Wednesday, July 15, 2009

Microsoft Office 2010 Available For Private Clouds

Microsoft will let its business customers run Office Web off their own, internal servers.

Microsoft (NSDQ: MSFT) plans to give its corporate customers the option of hosting the company's new Web-based Office 2010 offering on their own servers in order to give them more control of the product.
"All Office volume licensing customers will have the right to Web apps to run themselves on-premises," said Chris Capossela, senior VP for Microsoft's Business unit, in an interview. "This is a really big distinction between Microsoft and our competition," said Capossela, in a reference to rival Google.

Google (NSDQ: GOOG)'s cloud-based Google Apps, which includes Office-style word processing, spreadsheet, and presentation tools, must be tapped from Google's own servers—a situation that makes some IT managers uneasy due to concerns about privacy and security.
"We really believe that for many customers they want the choice of being able to control things themselves," said Capossela. Microsoft will also give its corporate customers the option to access Office Web, as Microsoft is calling the Internet-based version of Office 2010, externally if they lack the infrastructure to run it in internally.

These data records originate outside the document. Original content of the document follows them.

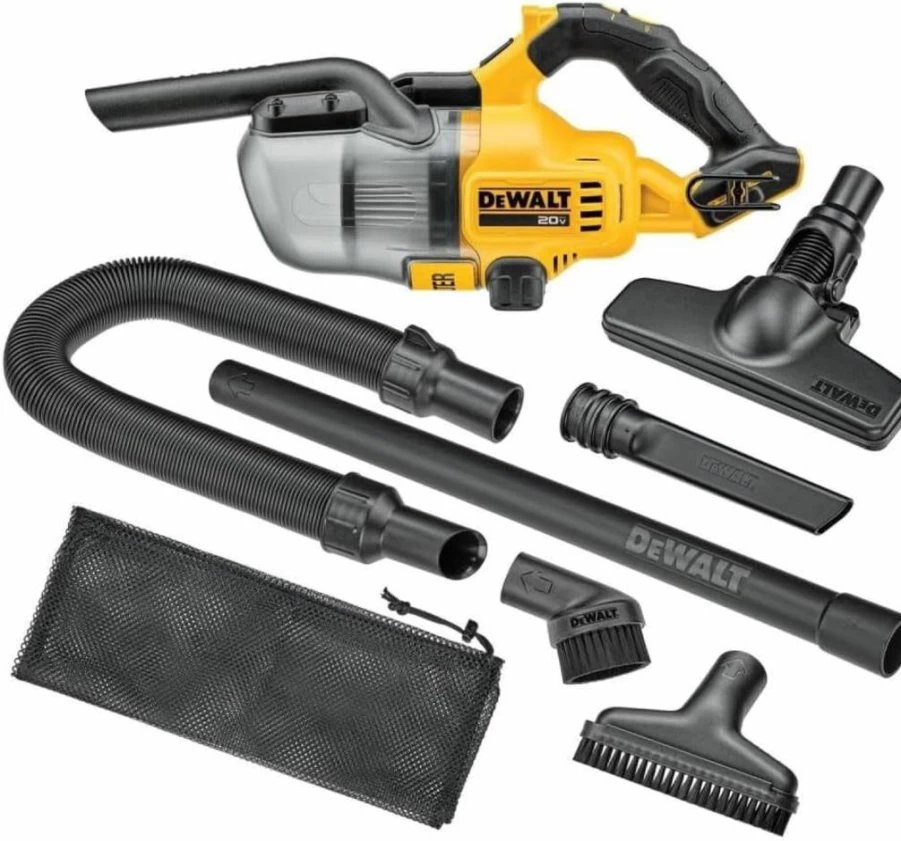 DEWALT 20V MAX Cordless Handheld Vacuum with HEPA Filter, Battery Sold Separately (DCV501HB)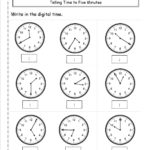Telling And Writing Time Worksheets Intended For Telling Time To The Hour Worksheets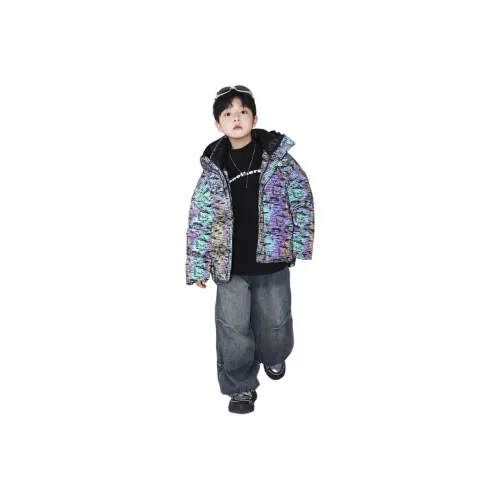 M JBABY Черный Серый Цвет Школьный Топы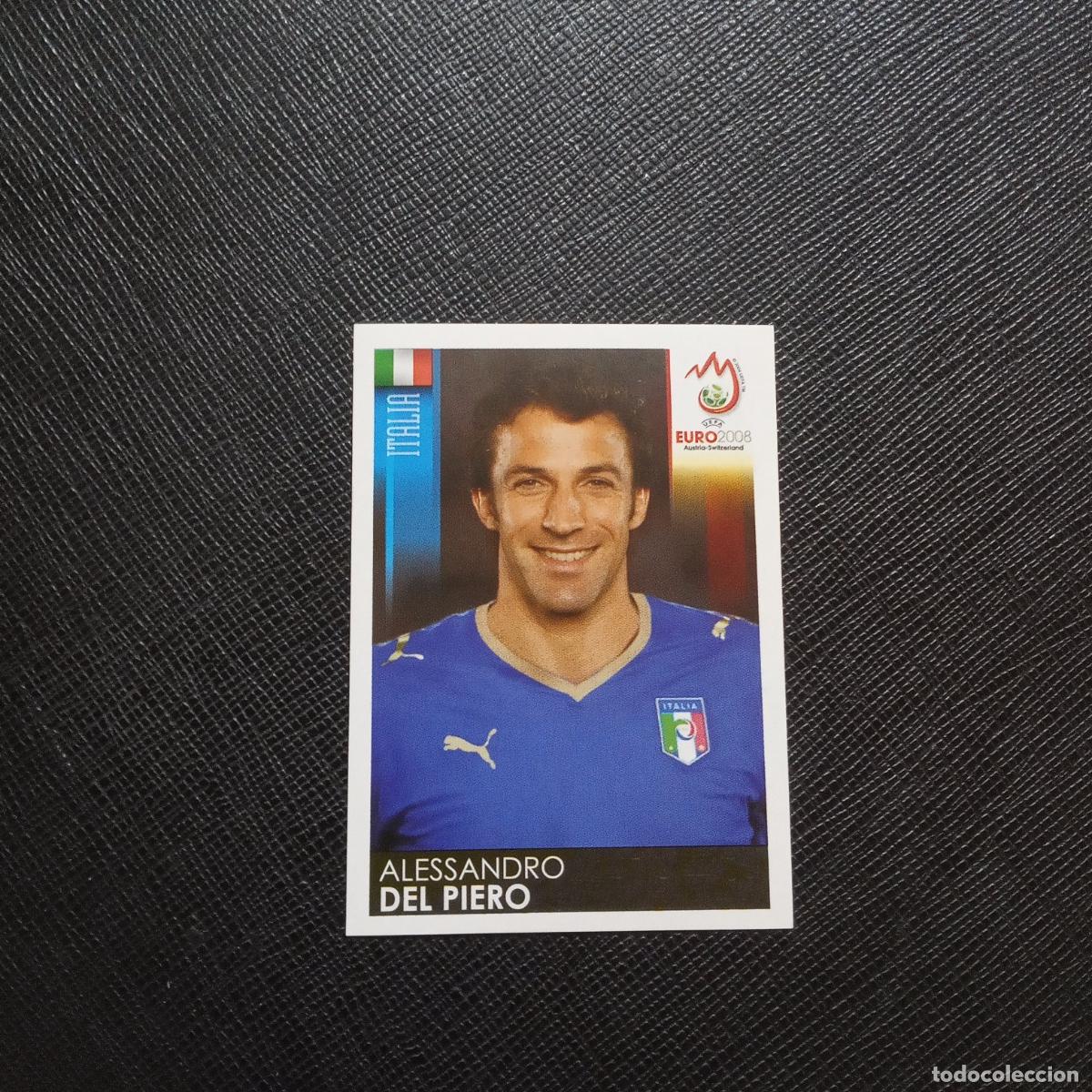 Cromos de f&uacute;tbol: 303 DEL PIERO ITALIA PANINI EUROCOPA AUSTRIA SUIZA EURO 2008 08 - SIN PEGAR - A197 PG271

Access to Office Web, which includes versions of Word, PowerPoint, Excel, and OneNote optimized for the cloud, is available to Microsoft's subscription customers at no additional charge to the client version. Consumers will be able to access Office Web entirely for free through Microsoft's Windows Live portal.

Office Web will be part of the Office 2010 general release, which is slated for the first half of next year.

Among the enhancements over previous editions are beefed up video and image processing tools that let users edit photos and videos from within their Office documents. New collaboration capabilities allow multiple users to access and edit a single document over the Web.

Microsoft on Monday released a technical preview of the product to selected developers. It plans to introduce a beta version later this year.